What needs to be done:
For this task, extract exactly the lines of the data below, from the line containing "Тывавыстың чоргааралы – сарлык малым" through the last one, with pictures left out.

Data supplied:
━━━━
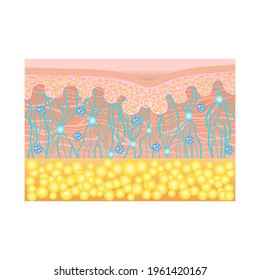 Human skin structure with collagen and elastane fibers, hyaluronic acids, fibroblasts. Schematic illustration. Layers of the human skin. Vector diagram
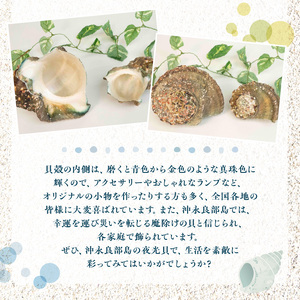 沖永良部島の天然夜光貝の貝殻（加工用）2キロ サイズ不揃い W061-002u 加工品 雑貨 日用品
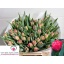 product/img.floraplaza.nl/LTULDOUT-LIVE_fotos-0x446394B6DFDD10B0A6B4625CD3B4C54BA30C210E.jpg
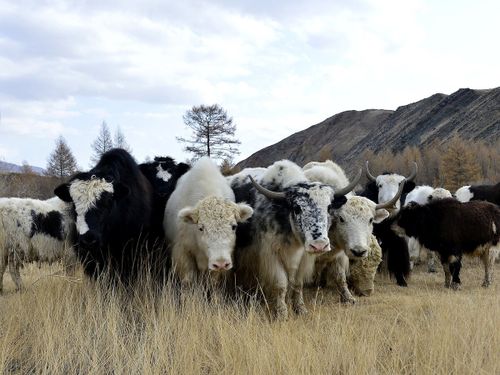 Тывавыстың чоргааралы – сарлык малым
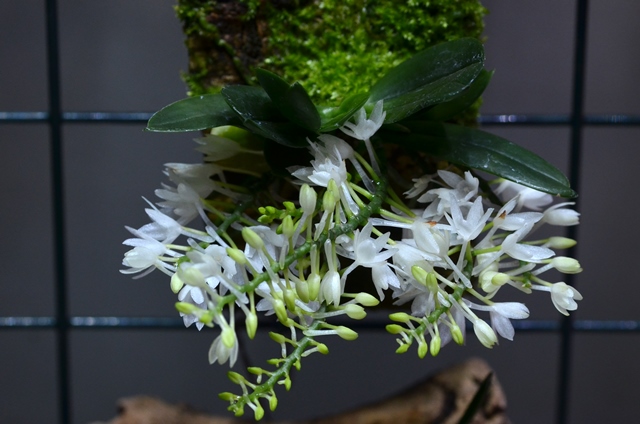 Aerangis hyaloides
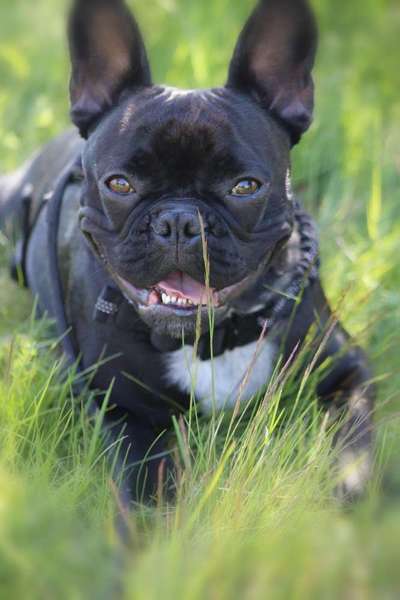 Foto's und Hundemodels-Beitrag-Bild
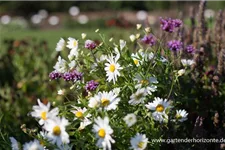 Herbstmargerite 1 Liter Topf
━━━━
Exercise solution:
 Тывавыстың чоргааралы – сарлык малым
 Aerangis hyaloides
 Foto's und Hundemodels-Beitrag-Bild
 Herbstmargerite 1 Liter Topf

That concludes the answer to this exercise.